----- SUPPLIED MATERIAL -----

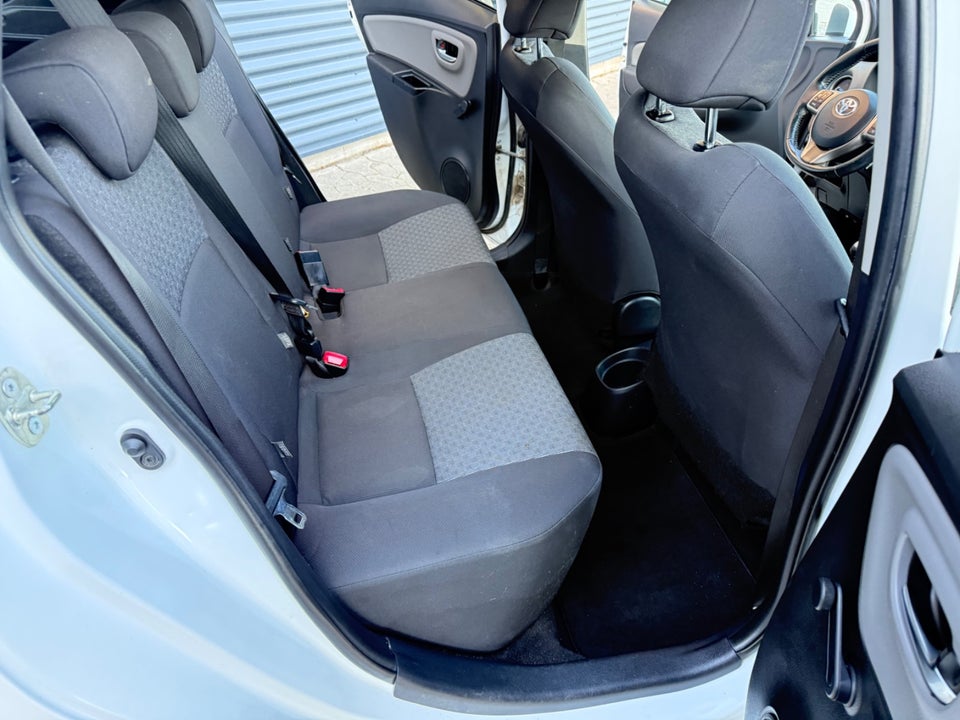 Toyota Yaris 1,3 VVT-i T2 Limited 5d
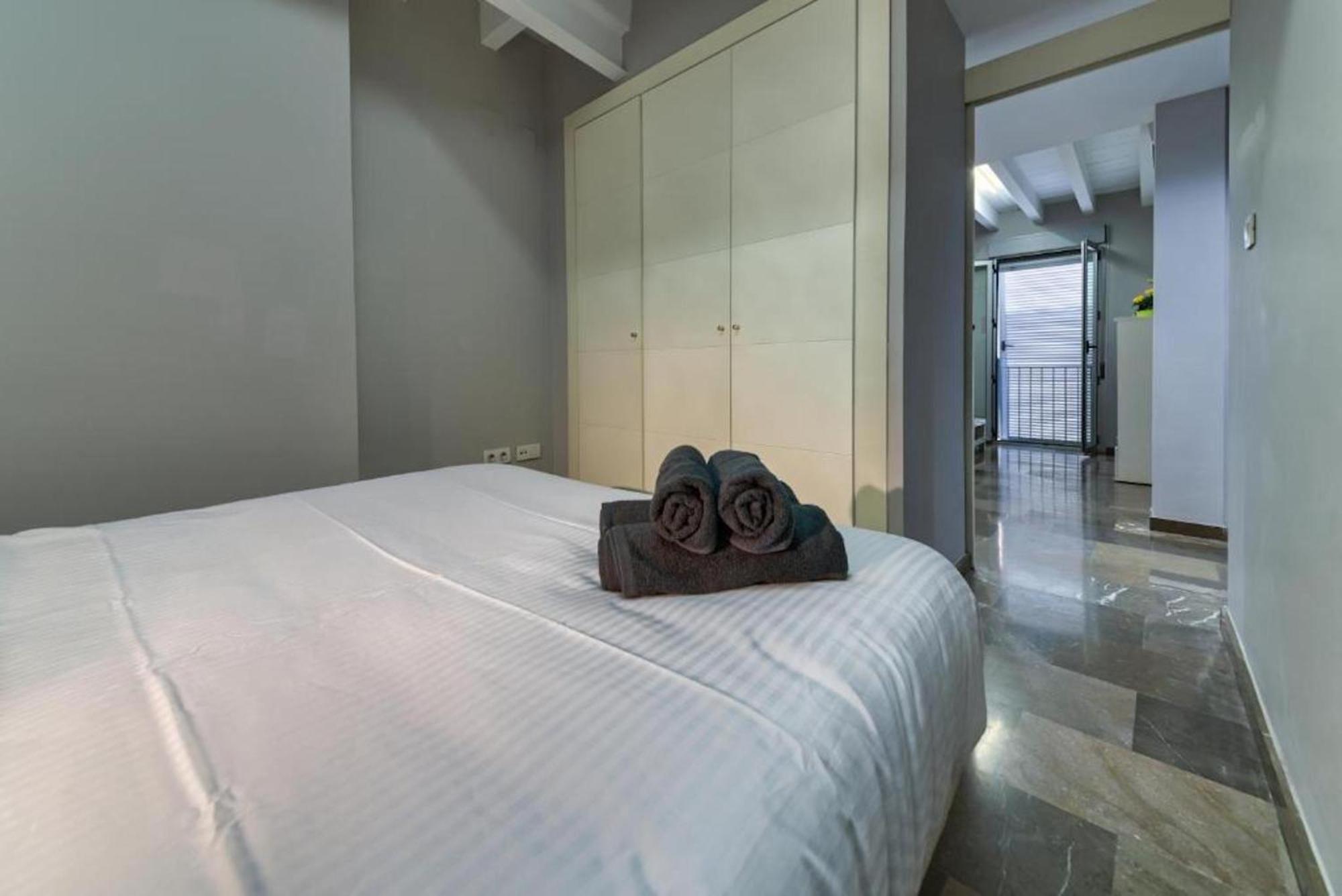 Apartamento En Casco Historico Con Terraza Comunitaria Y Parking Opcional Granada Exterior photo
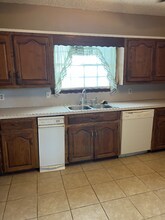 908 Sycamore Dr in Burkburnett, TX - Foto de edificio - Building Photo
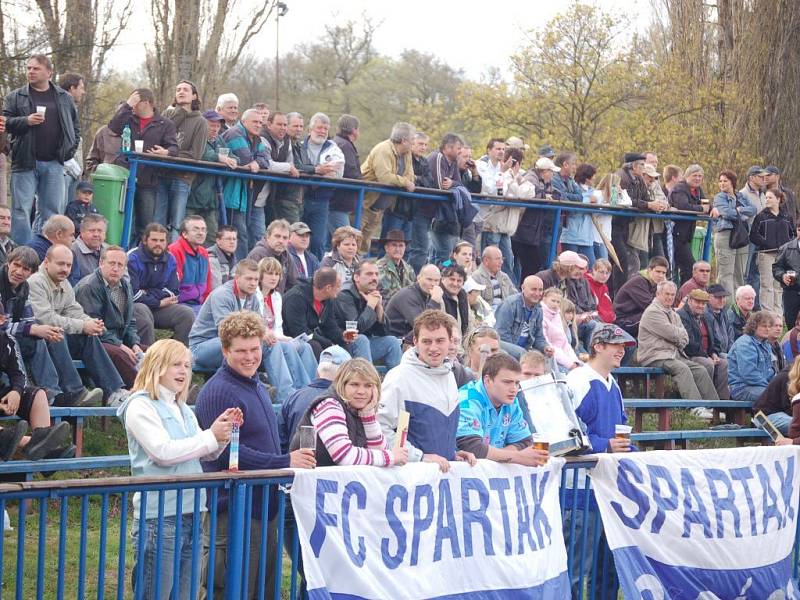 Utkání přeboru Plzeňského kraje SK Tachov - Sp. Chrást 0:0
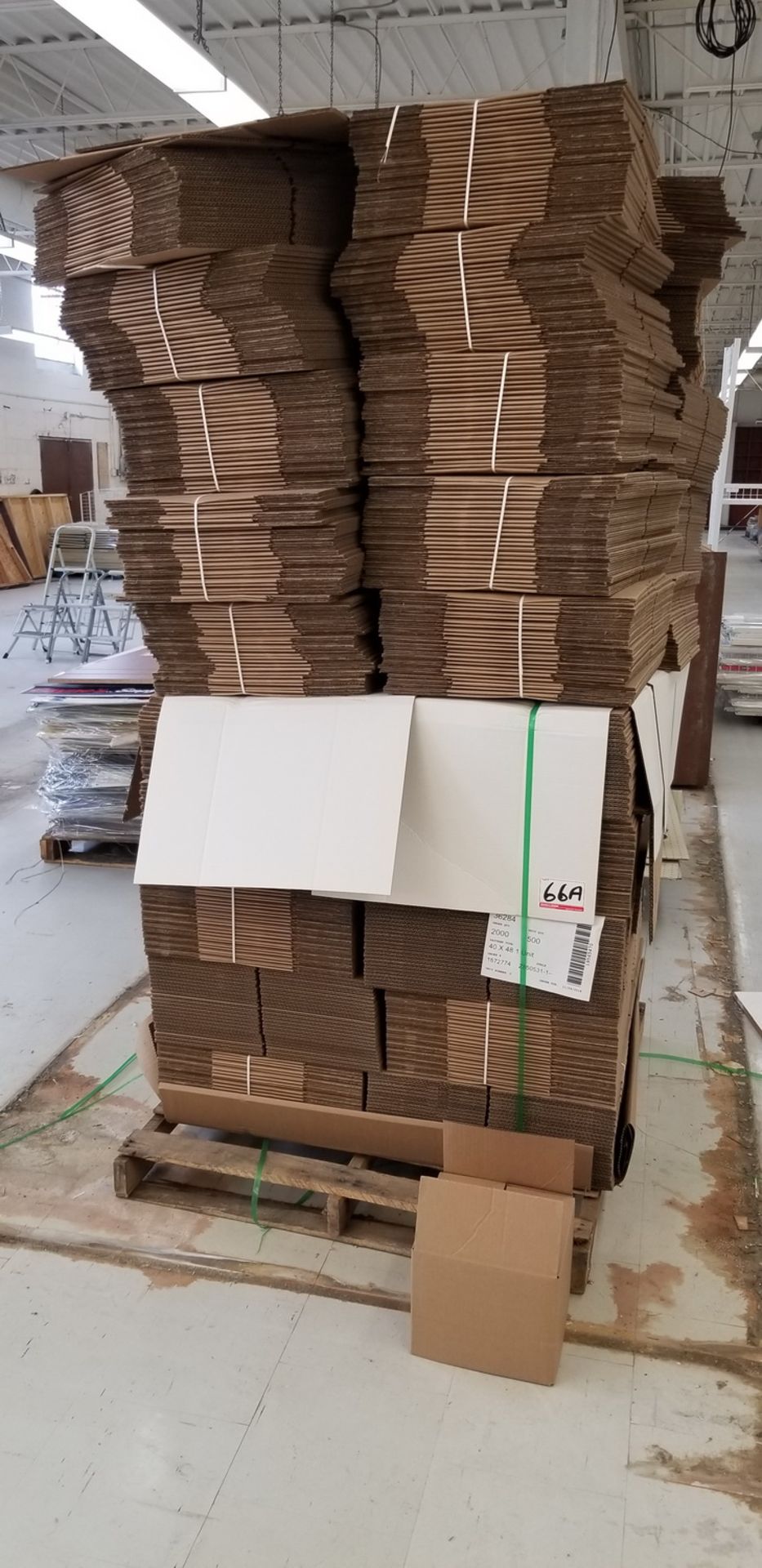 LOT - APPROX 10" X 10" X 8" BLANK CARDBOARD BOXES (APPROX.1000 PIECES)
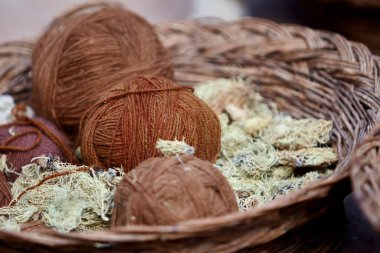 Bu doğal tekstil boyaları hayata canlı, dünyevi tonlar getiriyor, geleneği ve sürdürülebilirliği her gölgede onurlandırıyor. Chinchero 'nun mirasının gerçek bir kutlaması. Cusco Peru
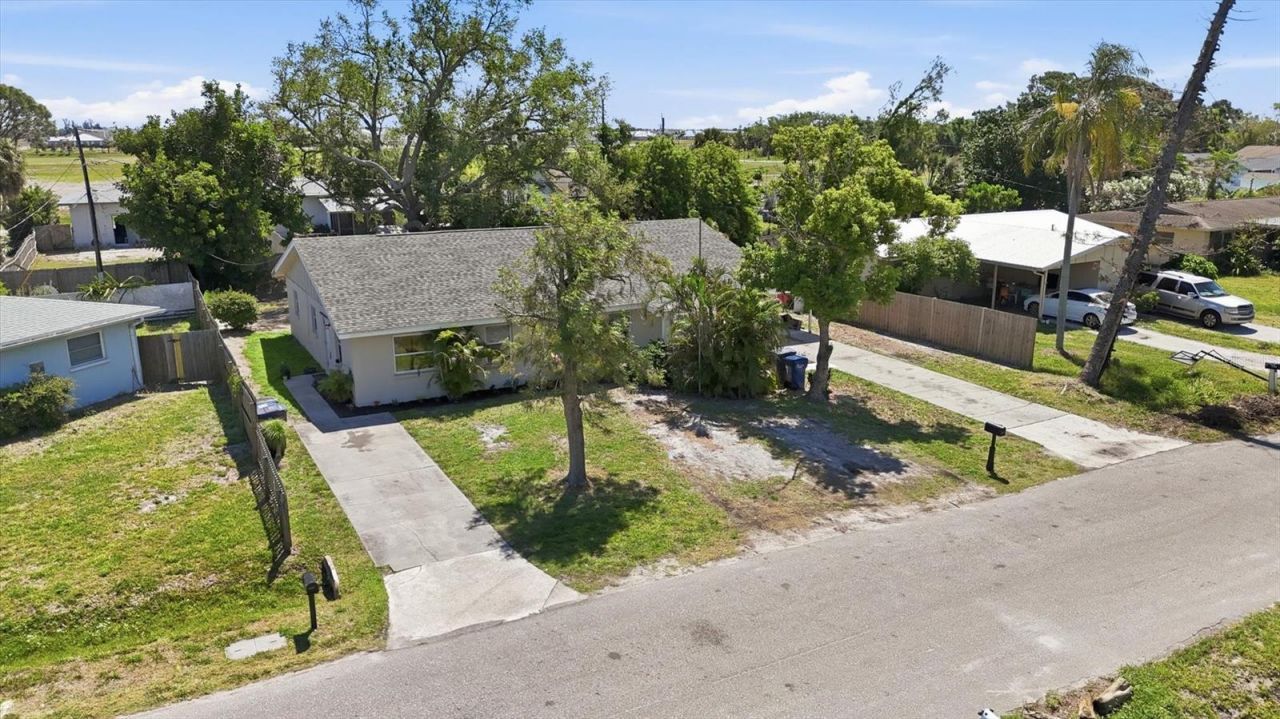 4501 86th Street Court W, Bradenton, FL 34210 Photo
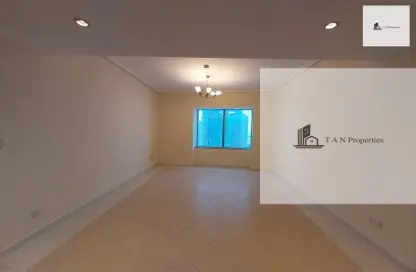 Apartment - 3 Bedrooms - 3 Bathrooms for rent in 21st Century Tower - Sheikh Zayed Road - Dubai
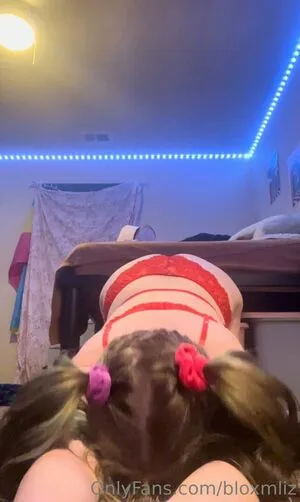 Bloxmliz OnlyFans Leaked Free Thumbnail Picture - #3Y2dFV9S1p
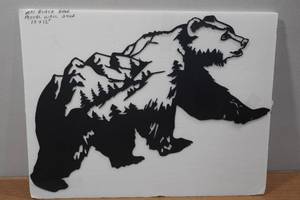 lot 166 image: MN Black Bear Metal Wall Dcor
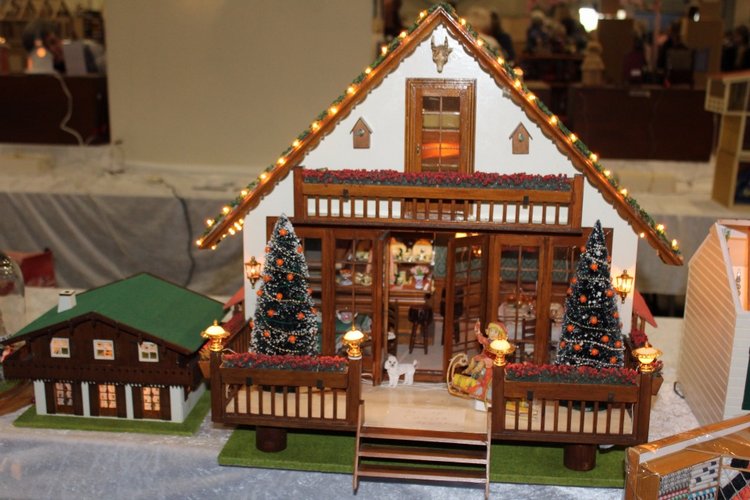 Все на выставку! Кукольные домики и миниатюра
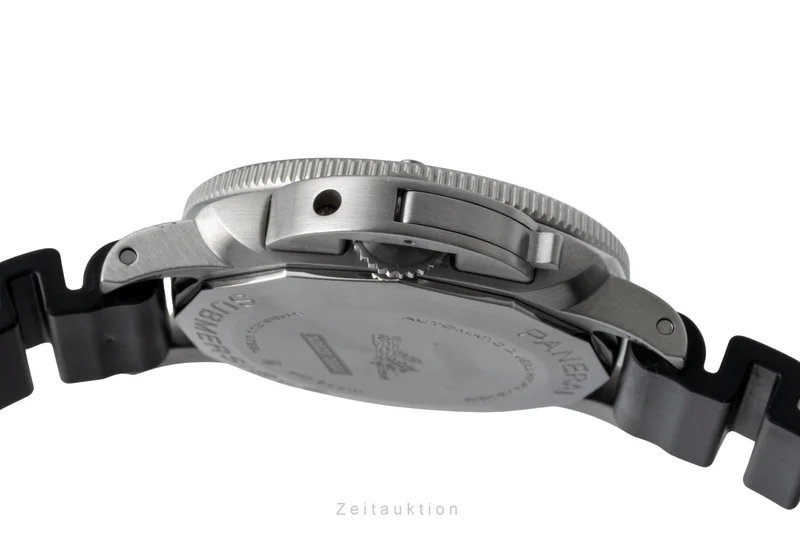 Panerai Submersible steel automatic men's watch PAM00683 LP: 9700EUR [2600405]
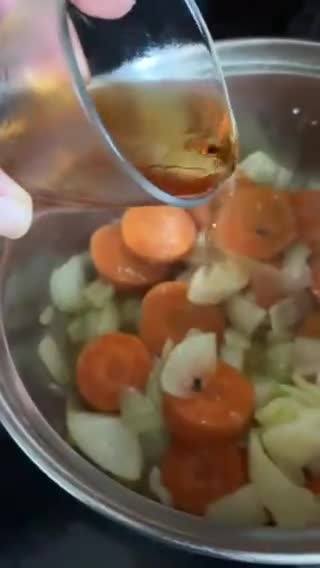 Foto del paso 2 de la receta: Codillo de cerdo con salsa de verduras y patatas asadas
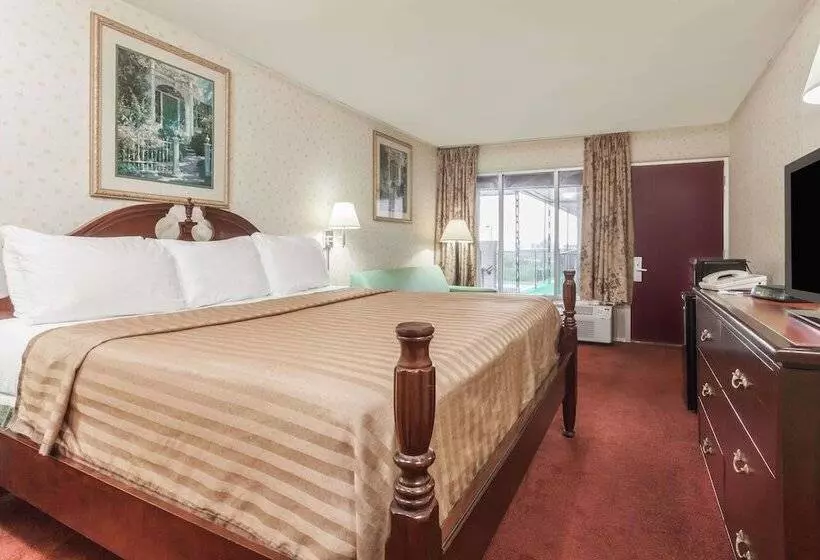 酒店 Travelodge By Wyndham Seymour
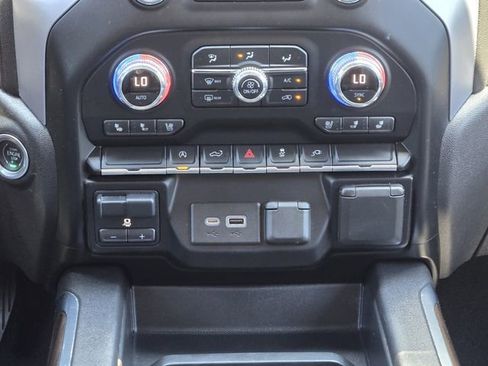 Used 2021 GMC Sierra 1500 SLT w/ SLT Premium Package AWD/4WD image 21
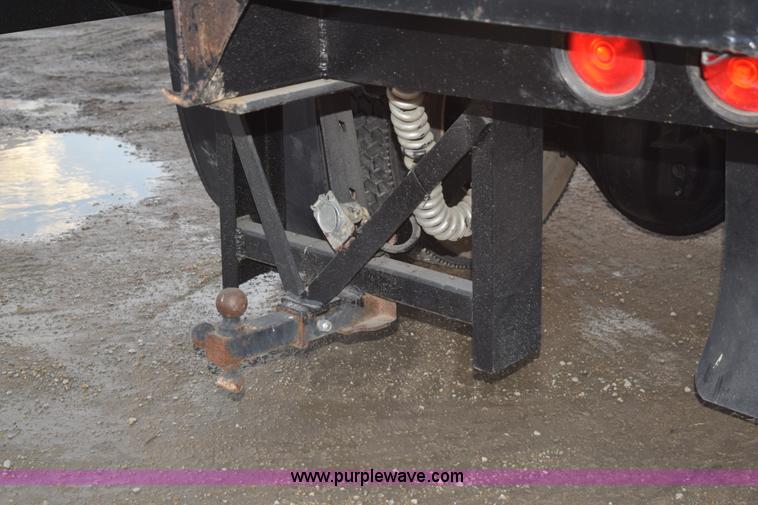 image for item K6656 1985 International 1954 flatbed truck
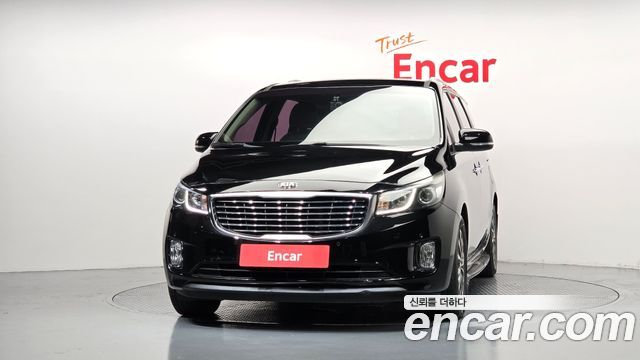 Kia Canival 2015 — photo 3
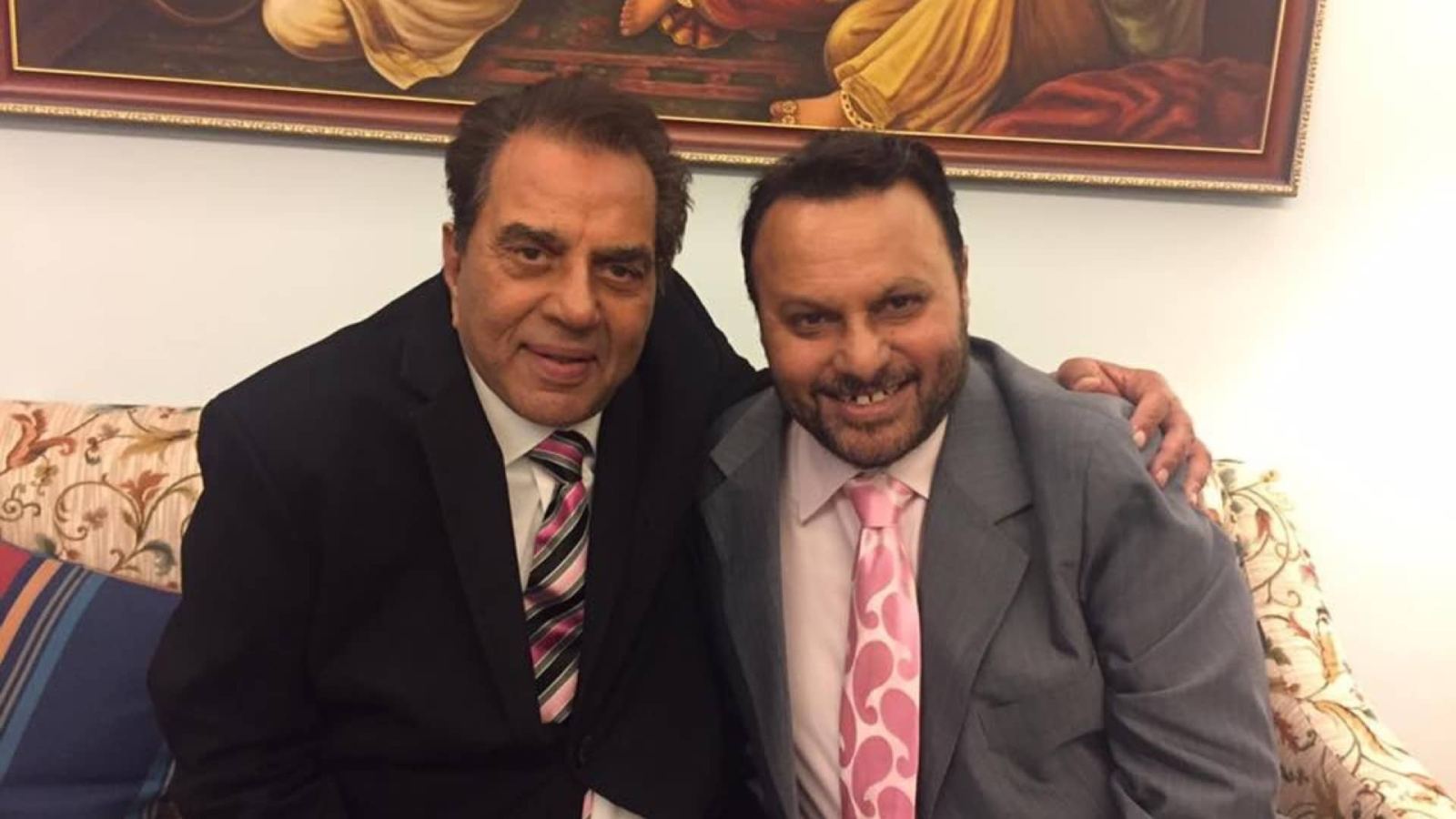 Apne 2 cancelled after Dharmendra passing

-----

### TASK PROMPT:
Retype each line of the data exactly, beginning with the first; include the line containing "Panerai Submersible steel" and stop there, skipping every picture.

### YOUR SOLUTION:
 Toyota Yaris 1,3 VVT-i T2 Limited 5d
 Apartamento En Casco Historico Con Terraza Comunitaria Y Parking Opcional Granada Exterior photo
 908 Sycamore Dr in Burkburnett, TX - Foto de edificio - Building Photo
 Utkání přeboru Plzeňského kraje SK Tachov - Sp. Chrást 0:0
 LOT - APPROX 10" X 10" X 8" BLANK CARDBOARD BOXES (APPROX.1000 PIECES)
 Bu doğal tekstil boyaları hayata canlı, dünyevi tonlar getiriyor, geleneği ve sürdürülebilirliği her gölgede onurlandırıyor. Chinchero 'nun mirasının gerçek bir kutlaması. Cusco Peru
 4501 86th Street Court W, Bradenton, FL 34210 Photo
 Apartment - 3 Bedrooms - 3 Bathrooms for rent in 21st Century Tower - Sheikh Zayed Road - Dubai
 Bloxmliz OnlyFans Leaked Free Thumbnail Picture - #3Y2dFV9S1p
 lot 166 image: MN Black Bear Metal Wall Dcor
 Все на выставку! Кукольные домики и миниатюра
 Panerai Submersible steel automatic men's watch PAM00683 LP: 9700EUR [2600405]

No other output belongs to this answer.